• [Activity]
Set down again exactly the lines of the listing below that fall between the line holding "Punjab State Dear" and the line holding "也与之对应:以后胖达深入讲述风帆时代的帆船与战舰该如何操纵的时候", inclusive.

• [Record excerpts]
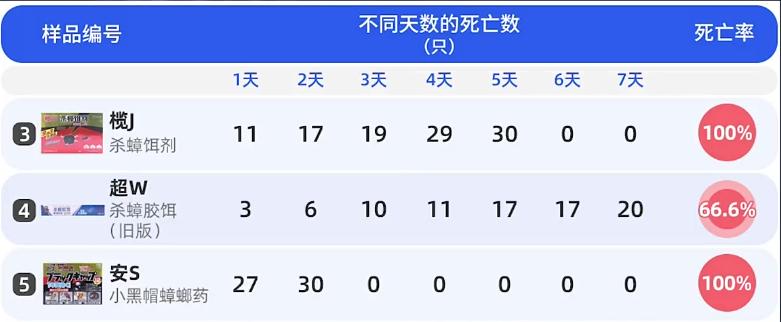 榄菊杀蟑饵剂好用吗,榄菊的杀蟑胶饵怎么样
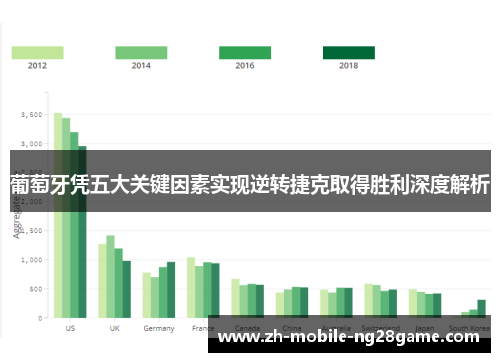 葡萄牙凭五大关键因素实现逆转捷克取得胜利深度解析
---
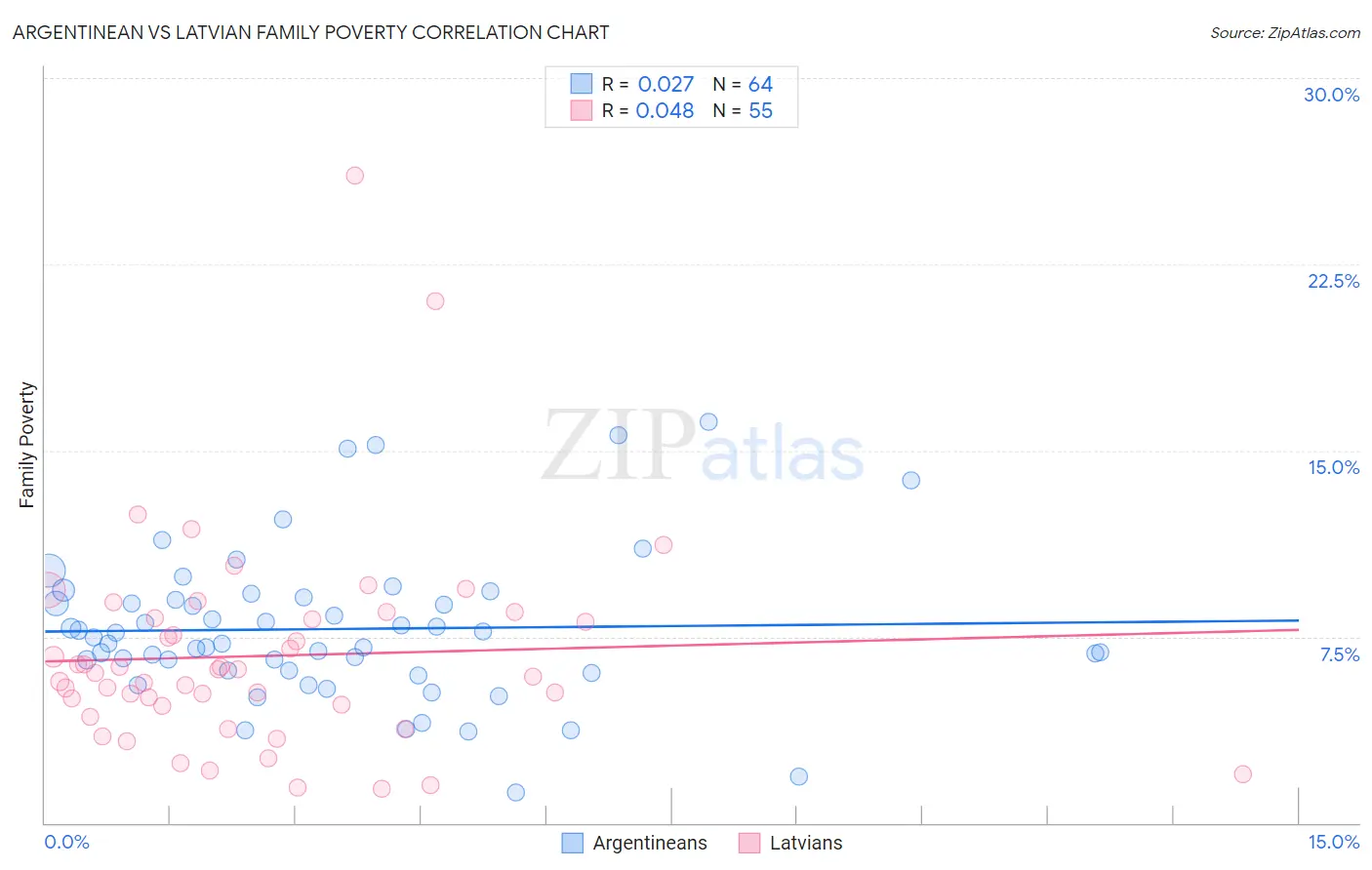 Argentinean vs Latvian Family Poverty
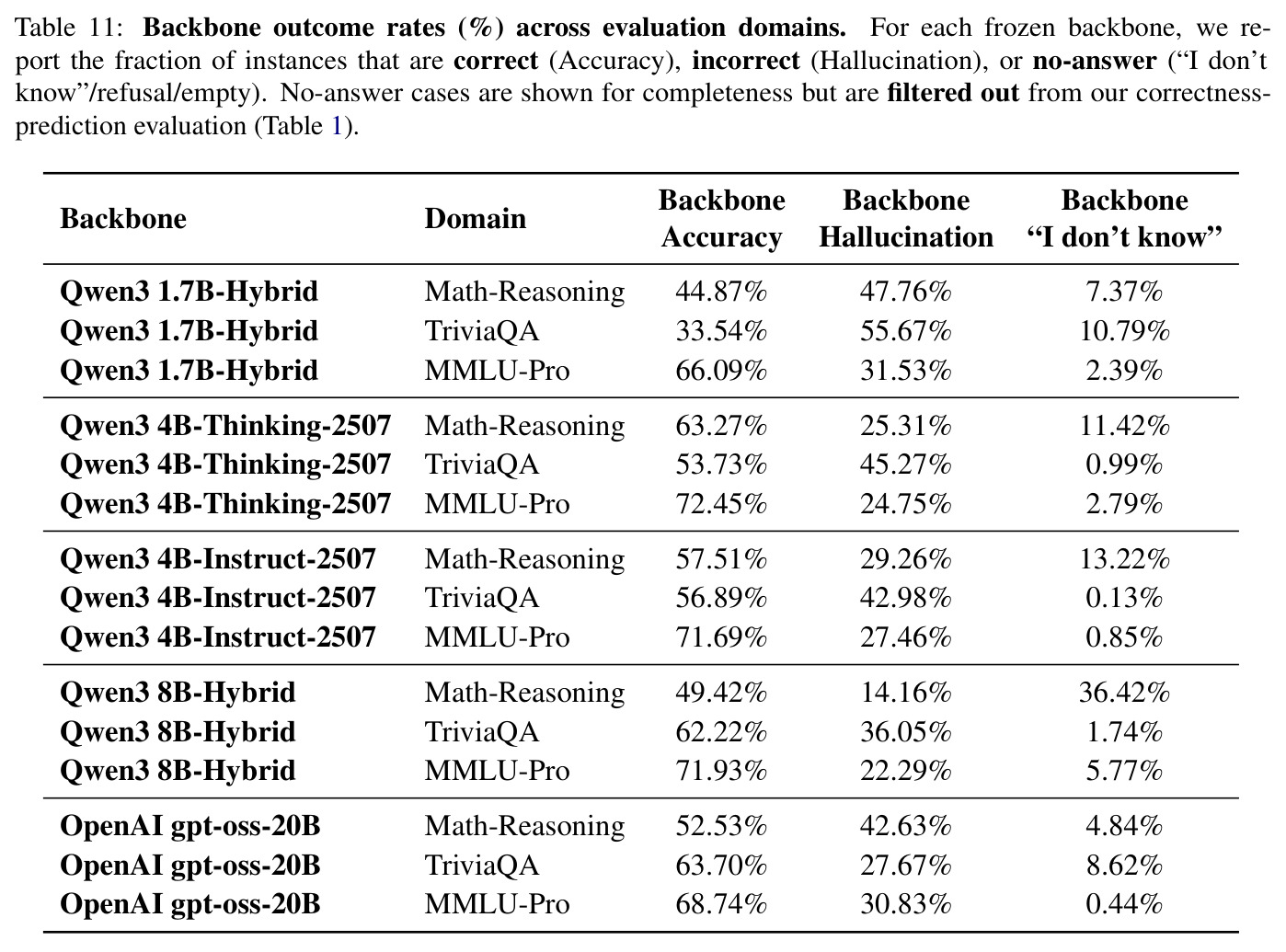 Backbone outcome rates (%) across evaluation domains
--
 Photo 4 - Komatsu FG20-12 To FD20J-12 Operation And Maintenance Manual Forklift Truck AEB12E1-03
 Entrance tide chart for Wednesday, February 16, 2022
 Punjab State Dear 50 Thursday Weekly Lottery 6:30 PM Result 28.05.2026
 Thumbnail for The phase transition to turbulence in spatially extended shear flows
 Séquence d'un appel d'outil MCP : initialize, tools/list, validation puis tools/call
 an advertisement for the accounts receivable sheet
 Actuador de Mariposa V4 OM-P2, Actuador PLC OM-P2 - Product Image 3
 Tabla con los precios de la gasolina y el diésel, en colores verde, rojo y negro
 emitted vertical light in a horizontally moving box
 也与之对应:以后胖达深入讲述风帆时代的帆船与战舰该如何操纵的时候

• [Exercise output]
 Punjab State Dear 50 Thursday Weekly Lottery 6:30 PM Result 28.05.2026
 Thumbnail for The phase transition to turbulence in spatially extended shear flows
 Séquence d'un appel d'outil MCP : initialize, tools/list, validation puis tools/call
 an advertisement for the accounts receivable sheet
 Actuador de Mariposa V4 OM-P2, Actuador PLC OM-P2 - Product Image 3
 Tabla con los precios de la gasolina y el diésel, en colores verde, rojo y negro
 emitted vertical light in a horizontally moving box
 也与之对应:以后胖达深入讲述风帆时代的帆船与战舰该如何操纵的时候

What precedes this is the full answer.